第88章 January - November, A.D. 70(15)
They invoked now Mucianus, now the absent Emperor, and, as a last resource, heaven and the Gods, till Mucianus came forward, and calling them "soldiers bound by the same oath and servants of the same Emperor," stopped the groundless panic. And indeed the victorious army seconded the tears of the vanquished with their approving shouts. This terminated the proceedings for that day. But when Domitian harangued them a few days afterwards, they received him with increased confidence. The land that was offered them they contemptuously rejected, and begged for regular service and pay. Theirs were prayers indeed, but such as it was impossible to reject. They were therefore received into the Praetorian camp. Then such as had reached the prescribed age, or had served the proper number of campaigns, received an honourable discharge; others were dismissed for misconduct; but this was done by degrees and in detail, always the safest mode of reducing the united strength of a multitude.

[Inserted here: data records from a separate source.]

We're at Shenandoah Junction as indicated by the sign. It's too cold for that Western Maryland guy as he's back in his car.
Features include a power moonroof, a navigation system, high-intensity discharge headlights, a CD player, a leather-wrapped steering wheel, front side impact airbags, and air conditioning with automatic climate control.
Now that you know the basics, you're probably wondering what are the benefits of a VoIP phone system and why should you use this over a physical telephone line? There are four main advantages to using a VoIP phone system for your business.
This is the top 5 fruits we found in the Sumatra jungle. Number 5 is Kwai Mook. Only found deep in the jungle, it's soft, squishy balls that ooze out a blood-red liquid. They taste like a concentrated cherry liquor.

It is a fact that, whether suggested by real poverty or by a wish to give the appearance of it, a proposition passed the Senate to the effect that a loan of sixty million sesterces from private persons should be accepted. Pompeius Silvanus was appointed to manage the affair. Before long, either the necessity ceased or the pretence was dropped. After this, on the motion of Domitian, the consulships conferred by Vitellius were cancelled, and the honours of a censor's funeral were paid to Sabinus; great lessons both of the mutability of fortune, ever bringing together the highest honours and the lowest humiliations.

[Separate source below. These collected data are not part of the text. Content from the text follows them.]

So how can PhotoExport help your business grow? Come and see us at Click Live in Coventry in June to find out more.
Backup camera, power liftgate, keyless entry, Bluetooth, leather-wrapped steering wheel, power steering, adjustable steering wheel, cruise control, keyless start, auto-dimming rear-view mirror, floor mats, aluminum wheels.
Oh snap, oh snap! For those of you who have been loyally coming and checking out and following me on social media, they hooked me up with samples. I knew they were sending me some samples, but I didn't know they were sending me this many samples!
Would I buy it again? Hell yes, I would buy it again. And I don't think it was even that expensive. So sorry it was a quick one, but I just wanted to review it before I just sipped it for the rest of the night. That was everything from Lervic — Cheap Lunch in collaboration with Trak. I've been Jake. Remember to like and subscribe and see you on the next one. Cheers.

About the same time the proconsul Lucius Piso was murdered. Ishall make the account of this murder as exact as possible by first reviewing a few earlier circumstances, which have a bearing on the origin and motives of such deeds. The legion and the auxiliaries stationed in Africa to guard the frontiers of the Empire were under the proconsul's authority during the reigns of the divine Augustus and Tiberius. But in course of time Caligula, prompted by his restless temper and by his fear of Marcus Silanus, who then held Africa, took away the legion from the proconsul, and handed it over to a legate whom he sent for that purpose. The patronage was equally divided between the two officers. A source of disagreement was thus studiously sought in the continual clashing of their authority, and it was further developed by an unprincipled rivalry. The power of the legates grew through their lengthened tenure of office, and, perhaps, because an inferior feels greater interest in such a competition.
All the more distinguished of the proconsuls cared more for security than for power.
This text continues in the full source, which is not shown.